Even if the policy is successful and more parents get their first choice of school, there is a downside. David Whitbread, education under-secretary at the Association of County Councils, points out that no head of widely admired private schools, such as Eton and Winchester, would dream of allowing the sort of indefinite expansion apparently envisaged by Mr Patten, who suggested recently that a school of 2,300 (the size of Great Barr, a successful grant maintained school in Birmingham) was not too large. Indeed, Eric Anderson, the retiring head of Eton, wrote last month in a national newspaper that small schools were best. He considered Eton, with more than 1,000 pupils a large school, though it, of course, was the exception that proved the rule.

Professor Sig Prais, of the National Institute for Economic Affairs, says many secondary schools here have 1,000 pupils while the average size in Switzerland, Holland and Germany is around 500. 'Many of the social problems of our classrooms are caused by the loss of intimate contact in big schools. This is particularly true for low attainers.'

Apart from ever-growing schools, the policy presents another difficulty. Alongside the Government's other policies to promote competition in the education marketplace, the freedom to expand may lead to the creation of sink schools. Research by Professor Michael Adler in Scotland shows that legislation increasing parental choice of school has led to an exodus of pupils from schools in the least prosperous areas.
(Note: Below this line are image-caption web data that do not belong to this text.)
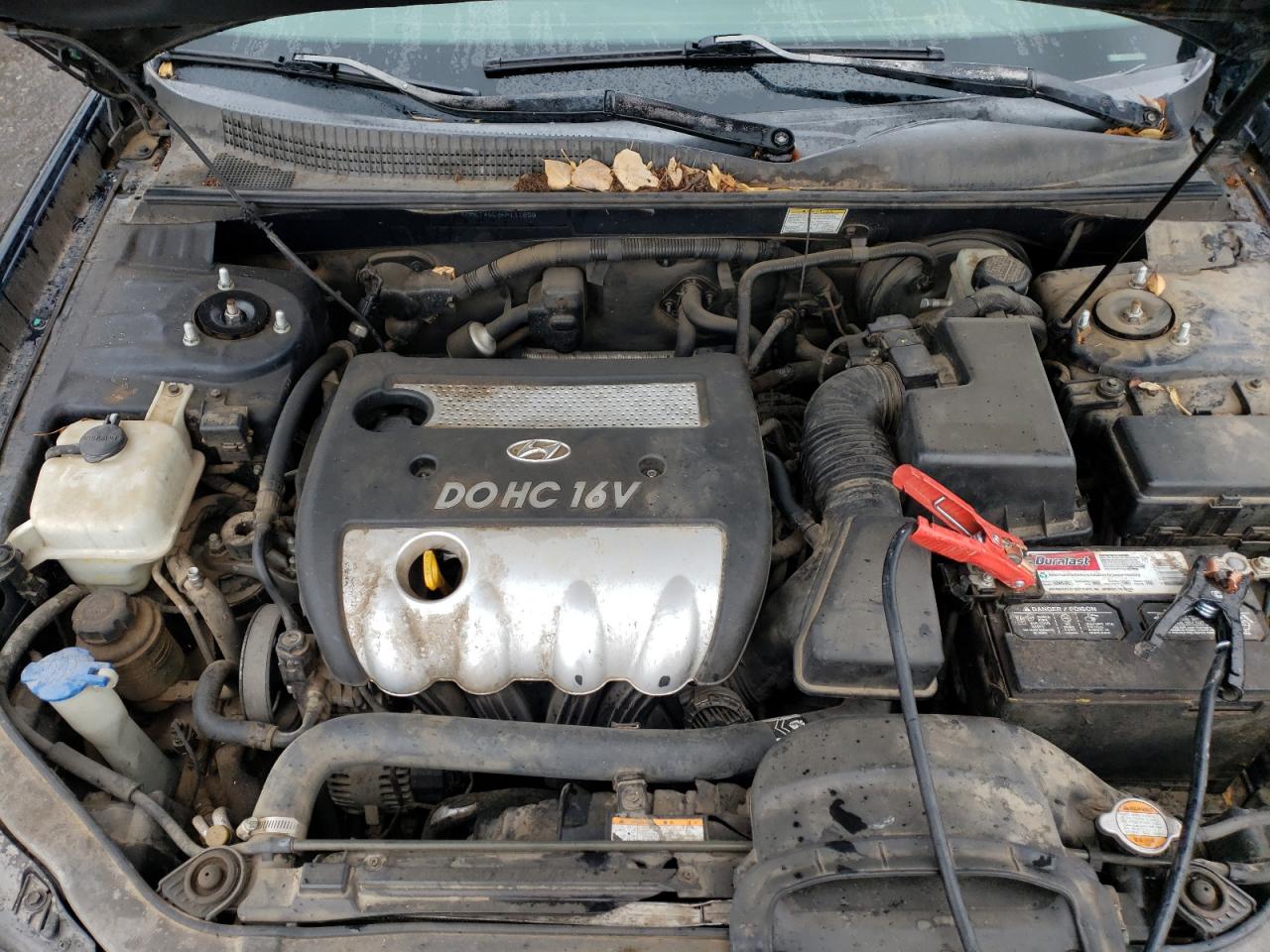 2006 Hyundai Sonata - Image 11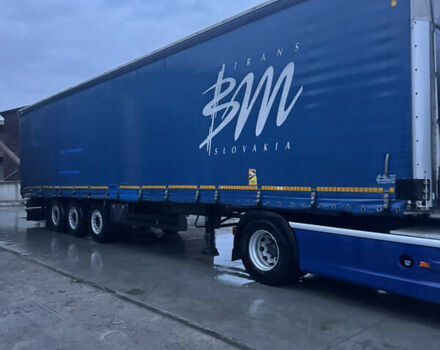 Сірий Шмітц Каргобулл C01, об'ємом двигуна 0 л та пробігом 0 тис. км за 11900 $, фото 1 на Automoto.ua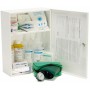 Metal first aid cabinet metalmed ab - annex 1 increased for more than 3 workers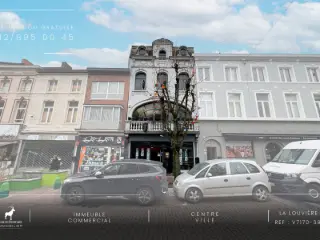 Bureaux à vendre La Louvière (VBD32062)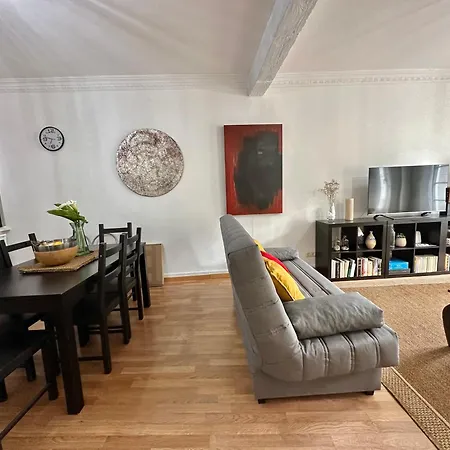 Centro Monumental Apartment *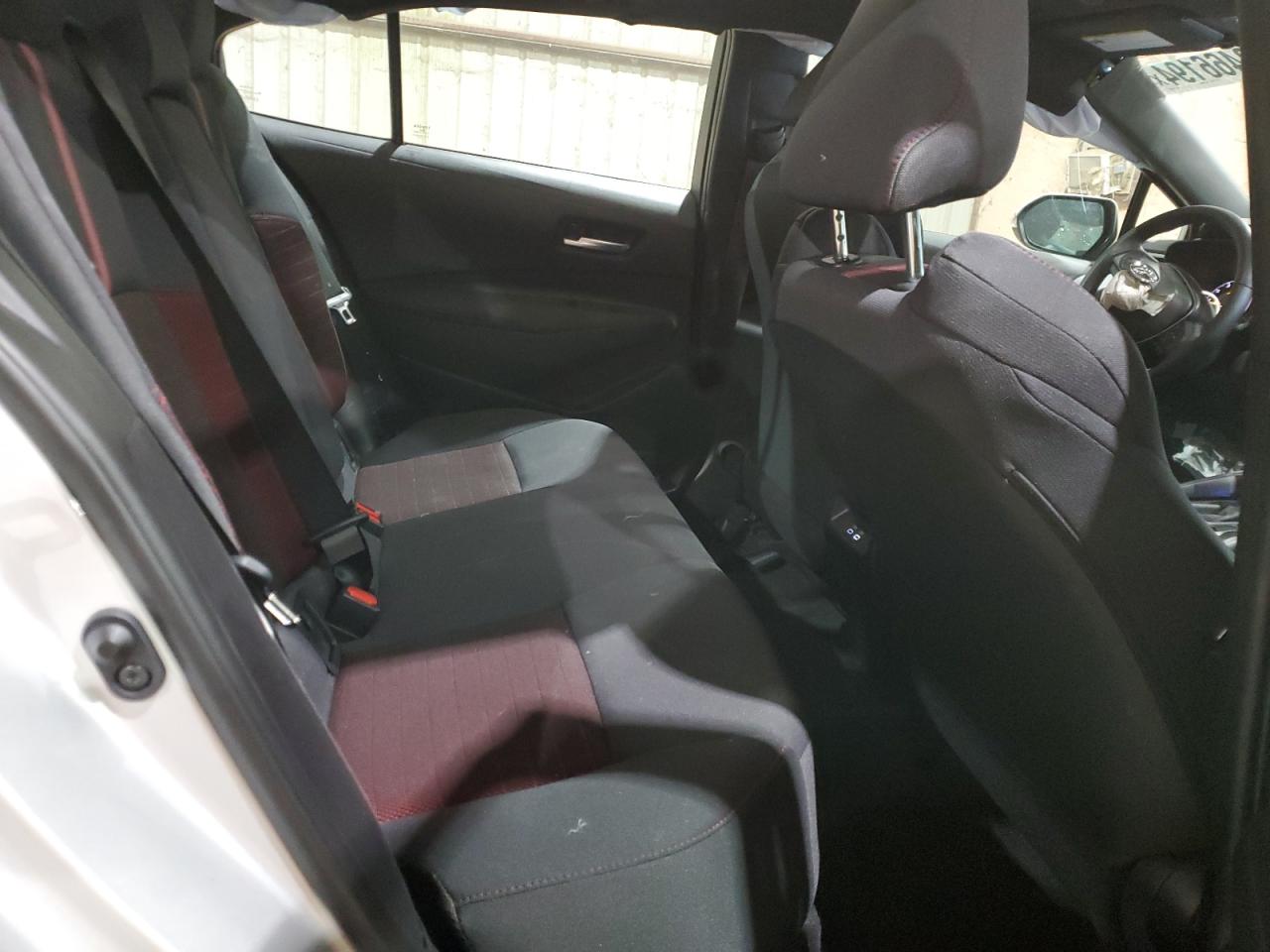 2024 TOYOTA COROLLA SE VIN:5YFS4MCE5RP204985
'All in all,' he concludes, 'the evidence suggests the Parents' Charter is leading to the emergence of a number of highly sought-after and a number of very unpopular secondary schools and thus to inequalities in educational provision.'

Mr Whitbread argues that some local authority intervention in the allocation of school places helps to counter inequality. Hertfordshire county council, where he used to work, restricted all its secondary schools to five forms of entry. Some did not fill all five, but the popular schools were prevented from becoming six-, seven- or eight-form entry. 'A major influence on parents is the sort of children their children are going to mix with. Under this system, the middle- class element was spread around and parental dissatisfaction reduced.'

Ultimately, he argues, Mr Patten's determination to let the market rule may prove a vicious circle for parents. 'If an unpopular school is eventually forced to close because it has the grottiest children in it, those grotty children whom middle-class parents hoped to avoid may well turn up in the middle-class school.'

There will never be a magic formula for allocating school places so that all parents are happy. Nobody wants to go back to the days when local authorities directed pupils to schools where they did not want to go while empty places remained at their first choice. Some parents will be delighted if the Government provides money to help popular schools to admit more pupils. Others may pause for thought. Is a system where the weakest schools wither in anyone's interests? And can a monster school (Eton, of course, excepted) be a good school?